The armchair arguments
made by such SETI experts are extremely weak. One of their arguments
is that if extraterrestrials were to ever arrive, we would see a
spaceship the size of Manhattan orbiting our planet, or a UFO landing
on the White House lawn. Such arguments are not valid, because such
possibilities are merely two of a million possible ways in which
extraterrestrials might interact with us.
Another armchair argument
I recently heard by a SETI expert is that sightings of UFOs should be
dismissed because they are merely eyewitness testimony, and don't
involve permanent physical evidence. Using similar reasoning, we
would have to let half of the murderers in prison walk free, because
their convictions were based only on eyewitness testimony.
A third reason why SETI
experts make lousy UFO commentators is that within this little tribe
of scientists there seems to be some weird strategy that goes rather
like this: SETI experts think that they can make themselves look like
discerning, “no nonsense” scientists by dismissing all evidence
of extraterrestrials except for the type of radio evidence
they are looking for.

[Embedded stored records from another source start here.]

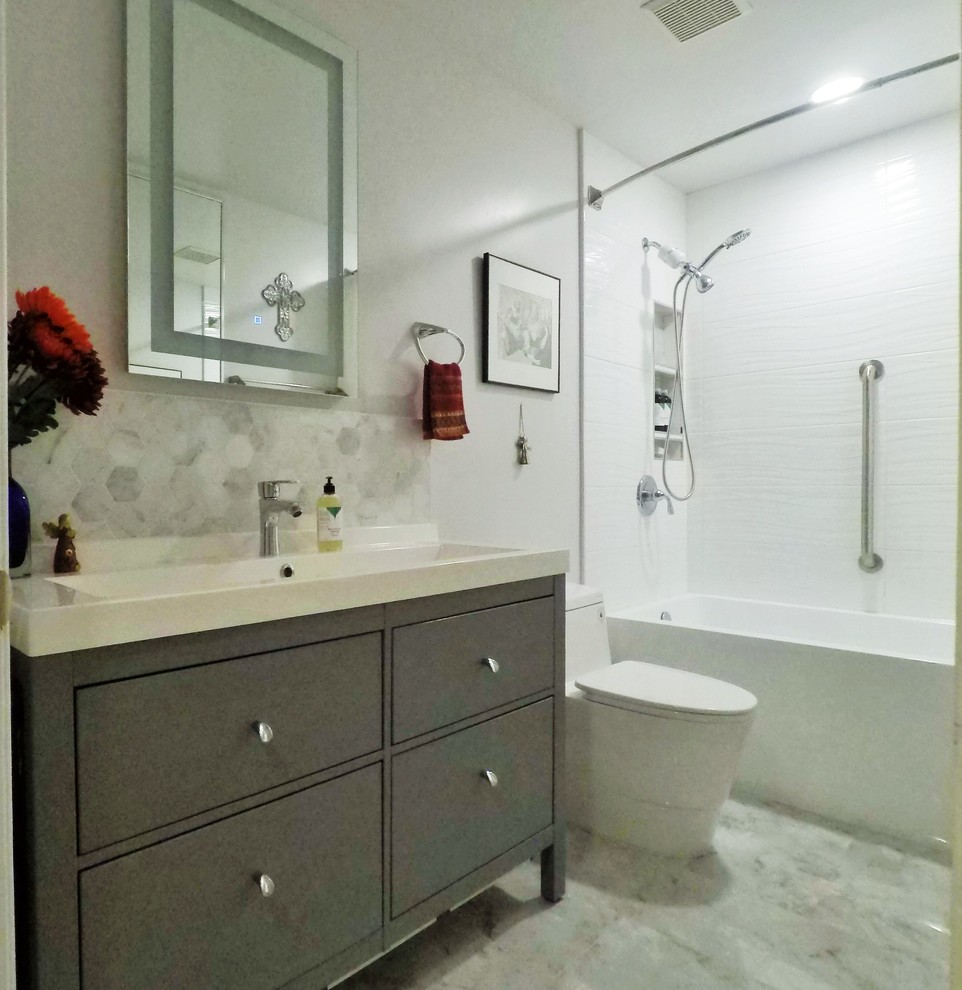 Стильный дизайн: ванная комната среднего размера в современном стиле с плоскими фасадами, серыми фасадами, ванной в нише, душем над ванной, унитазом-моноблоком, белой плиткой, керамической плиткой, серыми стенами, полом из керамогранита, душевой кабиной, раковиной с несколькими смесителями, столешницей из искусственного камня, серым полом, шторкой для ванной и белой столешницей - последний тренд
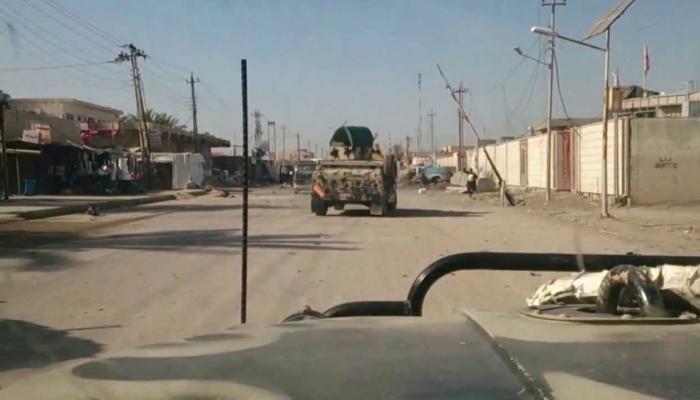 عربات عسكرية عند منطقة الطارمية شمالي بغداد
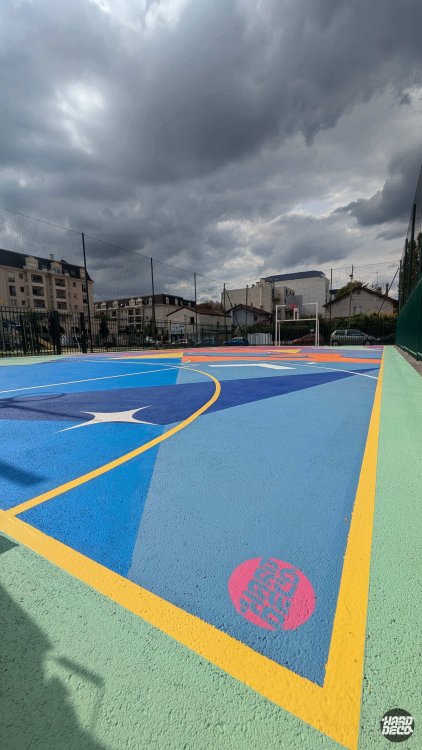 Détail sol terrain de basket Livry-Gargan, aplats bleus et jaune or avec logo Hard Déco intégré au sol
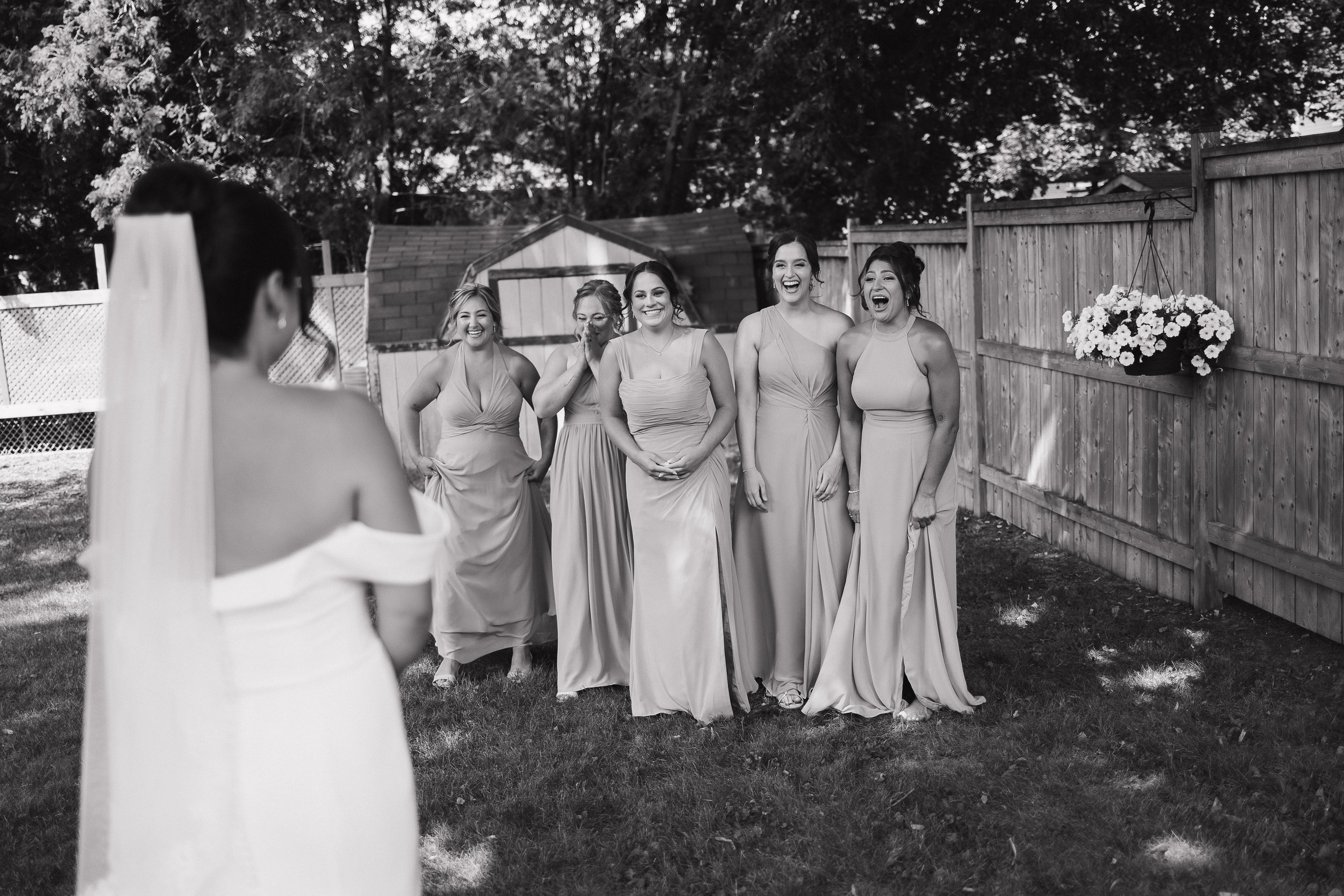 bride doing a first look with bridesmaids, Ontario wedding photography by James and Alyson Photography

This thought process is very weird. We can
imagine a similar thing going on in the mind of a scientist
researching Bigfoot.
Scientist: So I
have asked the National Science Foundation for 10 million dollars in
research money. I will use the money to fund a team of scientists who
will go into the deep forests of northern Canada, and look for
infrared heat signatures coming from Bigfoot creatures.
Reporter:
Interesting. Do you believe any of those people who claim to have
seen Bigfoot?
Scientist: Seeing
Bigfoot ?!? Why, I don't believe in that type of nonsense.

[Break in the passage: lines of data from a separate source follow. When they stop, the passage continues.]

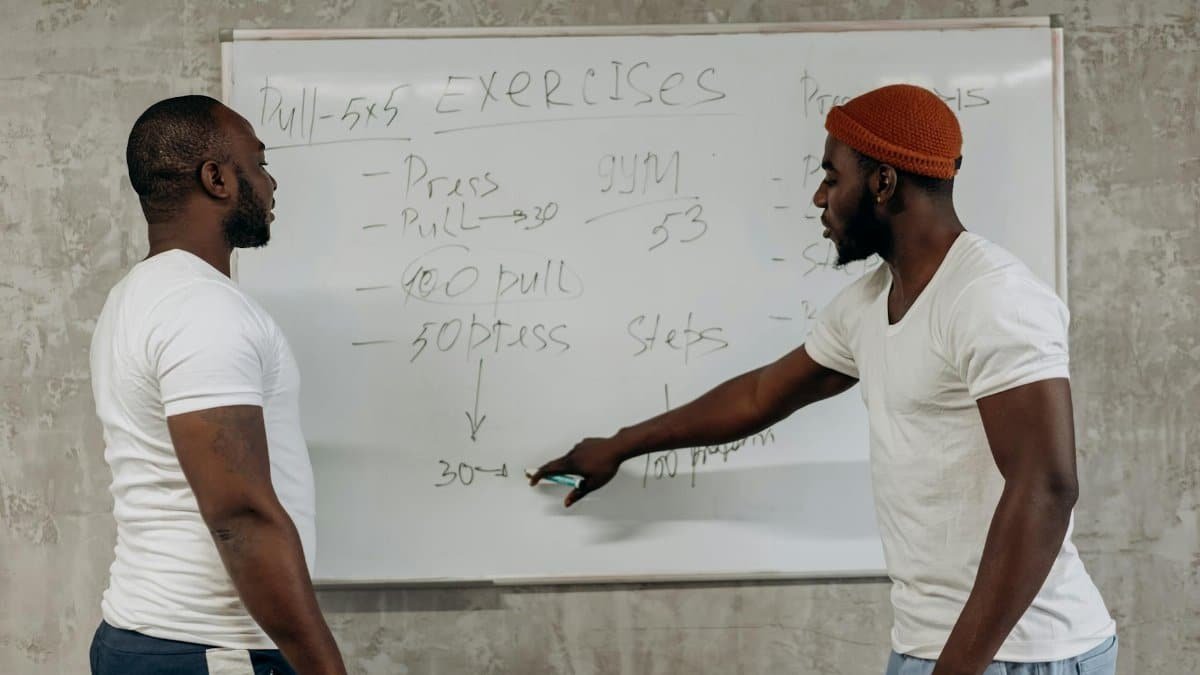 Two men discussing exercise routines on a whiteboard, planning gym workouts indoors.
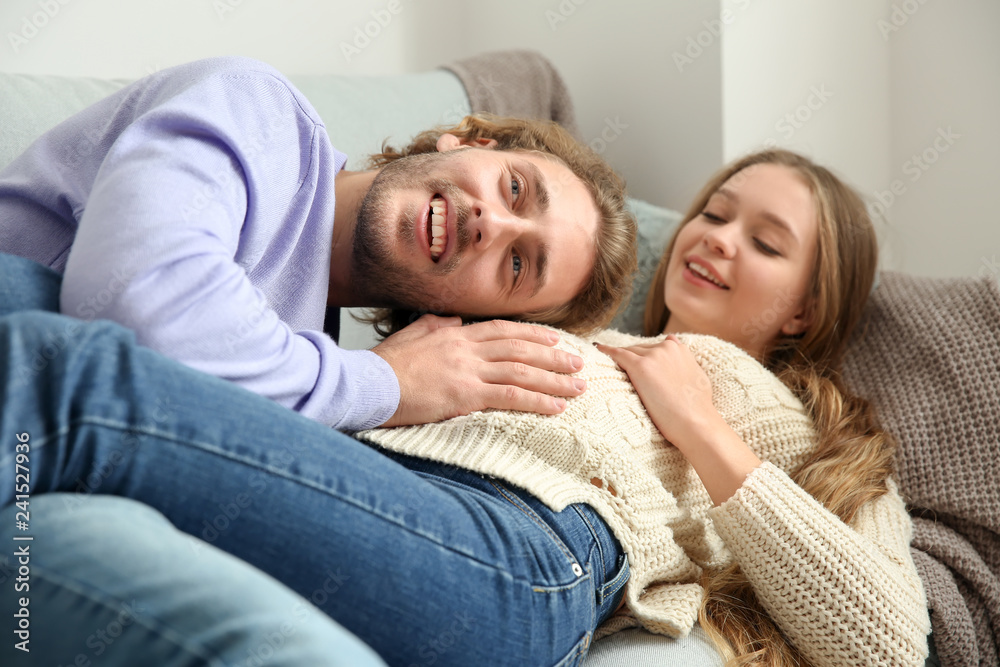 Young pregnant woman with her husband at home Young pregnant woman with her husband at home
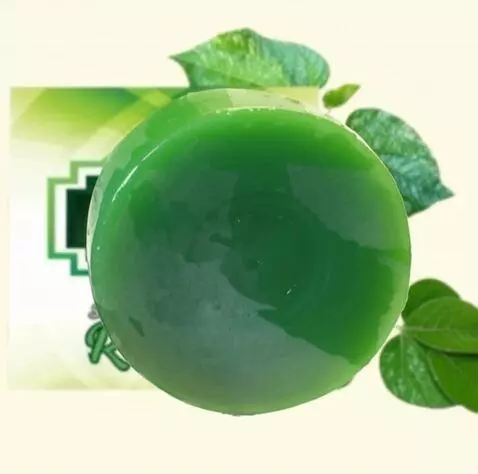 AI Video from prompt: The soap image zooms in and out, then a hand hol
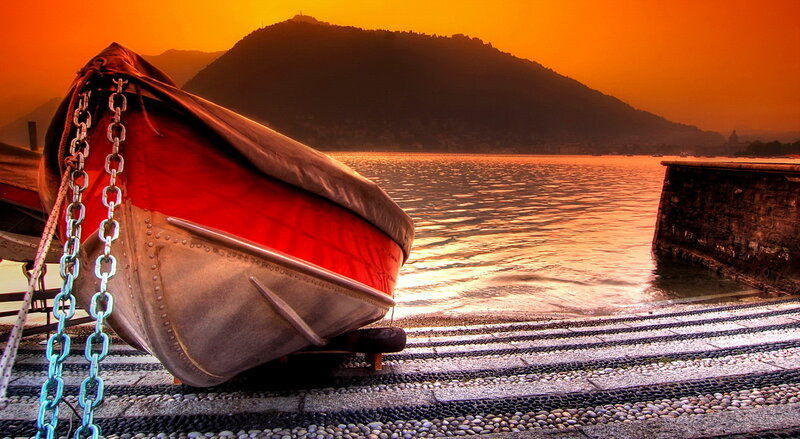 Red Boat on Dock — Orange
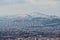 Aerial view of the scenic skyline of Athens and nearby mountains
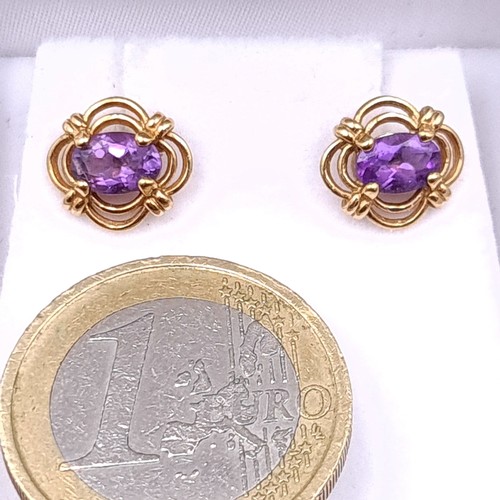 60 - A nice pair of lovely amethyst  antique hallmarked nine carat gold marked to posts stud earrings. We... 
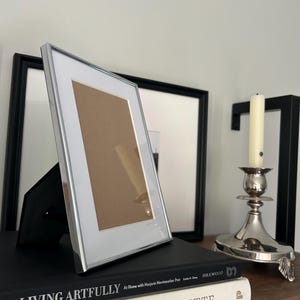 May include: A silver-toned rectangular picture frame with a white mat and a brown insert, standing upright on a black book. The frame has a thin metallic border and a black easel back support, positioned at an angle on a wooden surface.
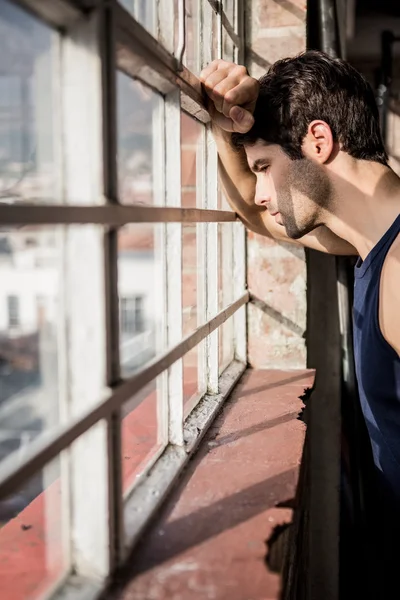 Handsome man looking outside window — Stock Photo, Image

It makes no sense for SETI
experts to follow such a strategy. The more evidence there is for
extraterrestrial visitations on our planet, the more likely it is
that some SETI radio search for extraterrestrials will pay off. So
why should SETI experts have a predisposition to reject UFO
sightings? Perhaps it is some kind of “no one shall come to the
extraterrestrials but through my path” thinking on the part of the
SETI expert, similar to the “no one can come to God but through our
path” thinking of narrow-minded theologians.
A fourth reason why SETI
experts make lousy UFO commentators is a psychological reason. UFO
sightings may act as a kind of “salt in the wound” for scientists
who have invested decades of their life in a failed search for
extraterrestrial signals.
Let's imagine you tell a
person there are two investment options: Investment 1 and Investment
2. The man invests $20,000 in Investment 1, and loses all his
money. Now suppose you say to this person after he had lost all his
money: you would have made a million dollars if you had invested in
Investment 2. Will this person tend to accept such an idea? No, he
will never believe it. The man's loss of his $20,000 is his wound,
and telling him that he would have become rich if he had invested in
the other option is like rubbing salt in his wound.

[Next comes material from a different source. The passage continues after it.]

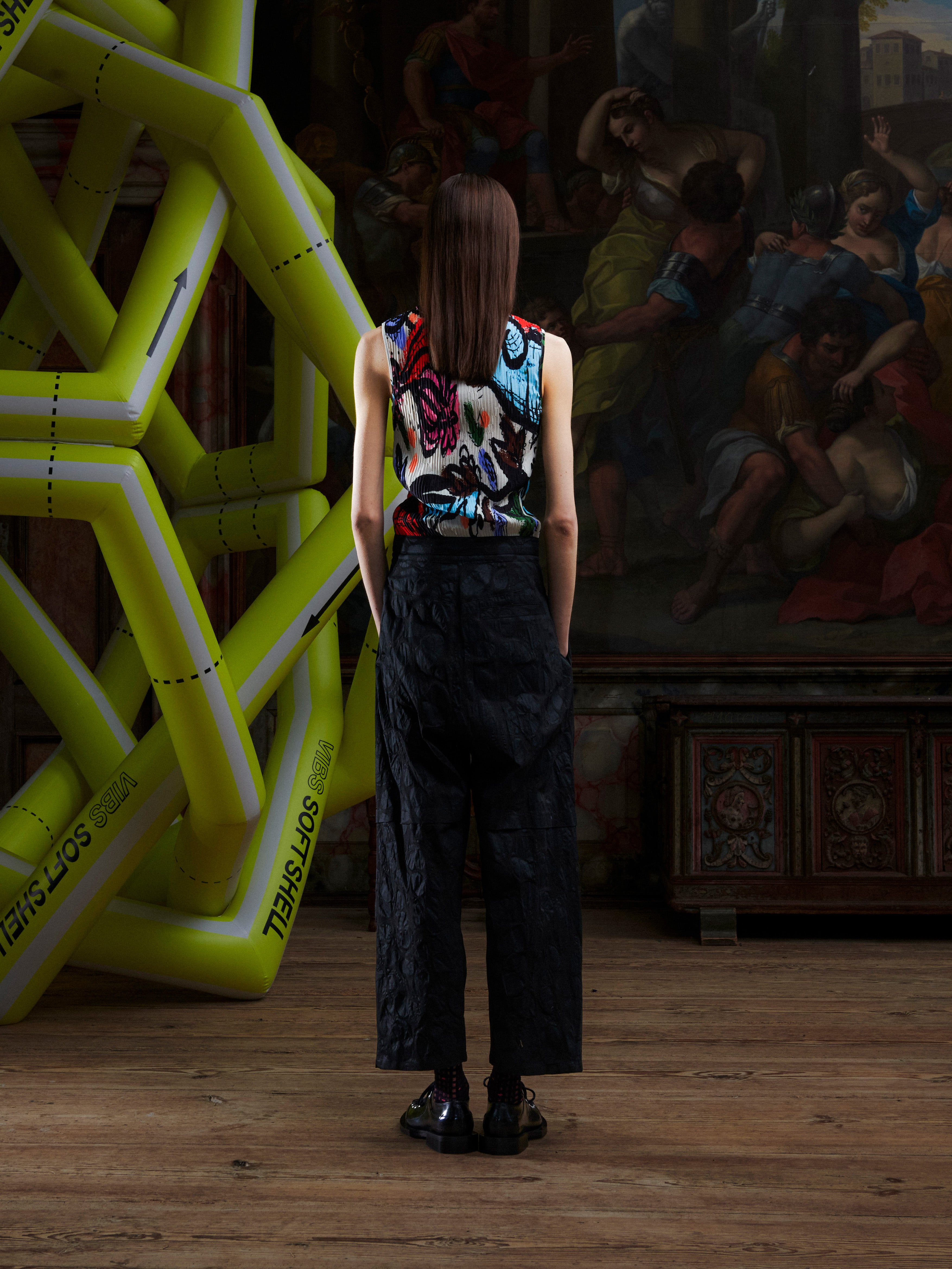 Back view of woman in a colorful top and black pants standing in front of an artistic backdrop with a large inflatable sculpture.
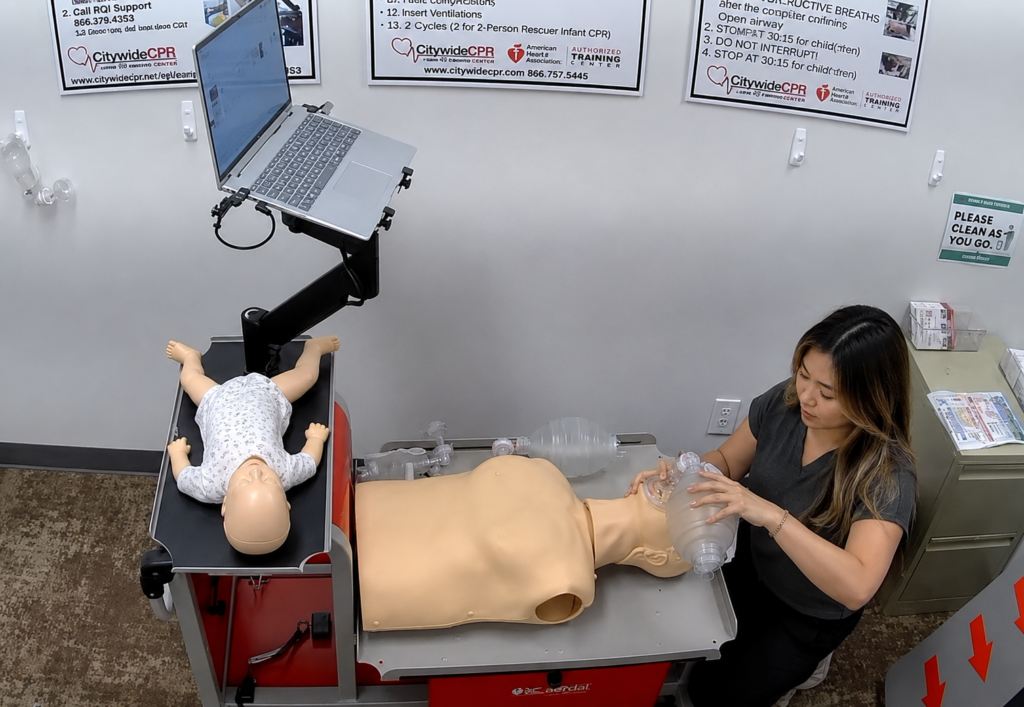 Participant providing bag-valve-mask ventilation to an adult CPR manikin at a Citywide CPR training station in Turtle Bay, New York, with an infant CPR manikin wearing a white onesie and a laptop visible.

Now consider a senior SETI
researcher who has spent decades in a fruitless search for
extraterrestrial radio signals. The failure of this quest is like
his wound. If that person accepts that UFO sightings are good
evidence for extraterrestrials, that is like salt in the wound. For
now the SETI researcher has to have thoughts like this:
How foolish of me. I
bet my money on the wrong horse! Rather than spending decades in a
fruitless search for radio signals from extraterrestrials, I should
have been investigating UFOs. Think of what I could have
accomplished if I had gone down that path.
But such thoughts are too
psychologically painful. So the empty-handed SETI researcher is
someone we can always expect to speak dismissively of UFO sightings.
Even when they are as dramatic as the Hudson Valley UFO sightings of
the 1980's, in which thousands of people reported seeing UFOs the size of a football field (according to a report in the New York Times).